BEIJING: China’s positive ratings in India have dipped with a new opinion poll showing 34 per cent of Indians view it favourably compared to 43 per cent in an earlier survey, but 85 per cent of Pakistanis rated it as a friendly nation.

The survey, conducted by US-based Pew Research Centre to gauge the world wide perspectives about China, showed that 52 per cent Indians viewed China unfavourably while 34 per cent gave it a favourable rating.

The new polls showed a nine per cent dip in the favourable rating enjoyed by China in India as an earlier survey conducted by Chinese firm Horizan research consultancy group between 2000 and 2009 showed that 43 per cent Indians considered China as a partner and 23 per cent regarded it as hostile.

Results of the PEW survey published in the state-run China Daily here showed an interesting pattern with Beijing receiving its best ratings in Kenya where 86 per cent viewed it favourably compared to 10 per cent negatively.

According to the survey conducted in 22 nations from April 7 to May 8 this year, China understandably enjoyed high positive rating of 85 per cent in Pakistan.
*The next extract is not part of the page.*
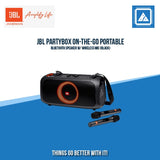 JBL PARTYBOX ON-THE-GO PORTABLE BLUETOOTH SPEAKER W/ WIRELESS MIC (BLACK)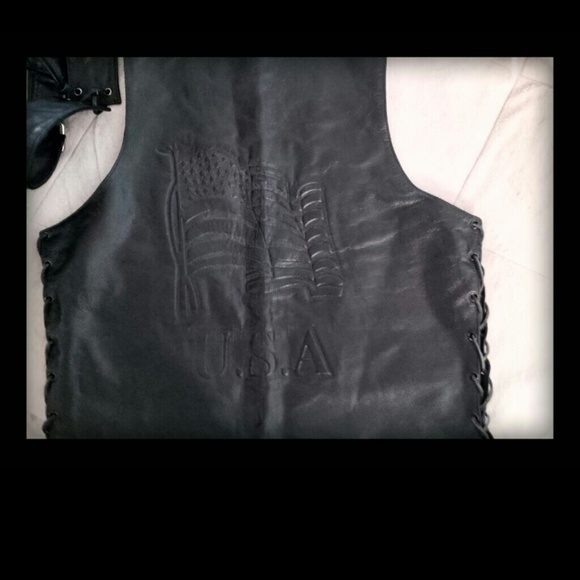 Leather Rider Vest - Picture 2 of 4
Only three per cent of Pakistanis interviewed gave unfavourable rating to China, projected as all-weather friend.

The rising Asian power, however, received mixed ratings across the world. Thirty six per cent viewed China unfavourably in United States against 49 per cent, 46 per cent regarded it positively in Britain against 35 per cent, 41 per cent against 59 in France.

China received good ratings in Russia too where 60 per cent viewed it favourably compared to 29 per cent negative perceptions.
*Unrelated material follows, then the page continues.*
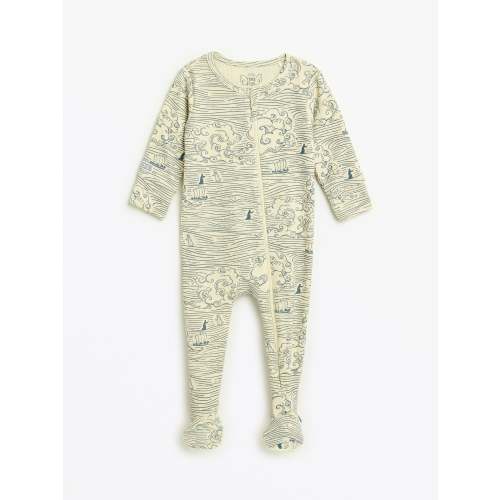 Walking on Water PJ Footed Onesie Ribbed Cotton-Bamboo Blend – Holy Pals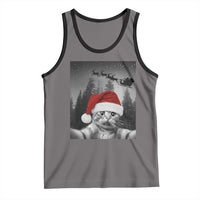 Funny Cat Selfie With Santas Sleigh Christmas Tank Top - Wonder Print Shop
Among the countries where China was viewed mostly negatively was Japan which has historic disputes with China. Sixty nine per cent Japanese viewed China unfavourably compared to 26 per cent otherwise.

In Germany, 61 per cent viewed China negatively compared to 30 per cent and 61 per cent view Beijing negatively compared to 20 per cent in Turkey.
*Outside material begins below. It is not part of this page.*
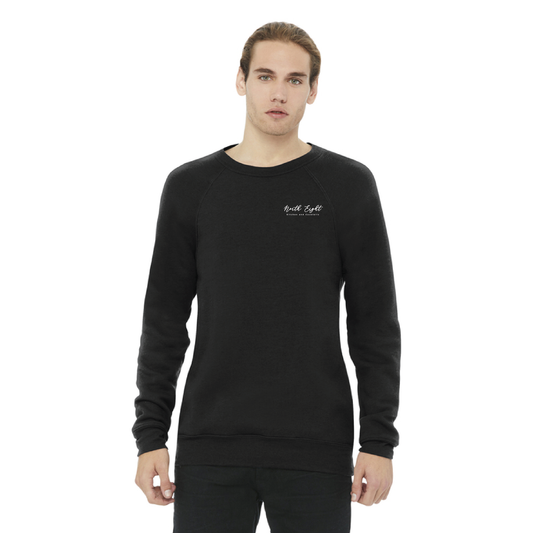 North Eight - Printed Left Chest Bella+Canvas Raglan Sweatshirt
Former US secretary of state Madeleine Albright, who co-chaired the Pew global attitudes project, noted at a Washington news conference on Thursday that China is regarded highly as a result of the country’s fast economic growth. “Their star is clearly rising,” she said.

In addition to China’s economic growth rate, Albright attributed the trend to the increased willingness of the Chinese side to “be a part of the solution to global issues”, which include the world economic crisis, Korean Peninsula denuclearisation and the Iran nuclear issue.

“A lot more people now know about China and have been to China,” she said, citing the Beijing Olympic Games and Shanghai Expo as examples of China’s improved “visibility” on the global stage, which promotes a better understanding of the country.

A Beijing-based international analyst Pang Zhongyin said the result of the poll is nothing new and Beijing still needs to step up efforts to strengthen communication with the world.

Being the “factory of the world”, China has contributed a lot to the world economy and its influence has kept growing, especially after the global financial crisis, Pang said.

“And such emerging economic power is unfortunately accompanied by misgivings from other countries and we need to convince the world that China is not what they imagine,” he said.

Pang emphasised the importance of public diplomacy, saying the Chinese government, from the top leader to the ordinary diplomat, has gradually taken the idea in mind.

He noted that Premier Wen Jiabao’s recent interactions with local people during his visit to the Republic of Korea and Japan is a good example of extending the message that China is not a threat.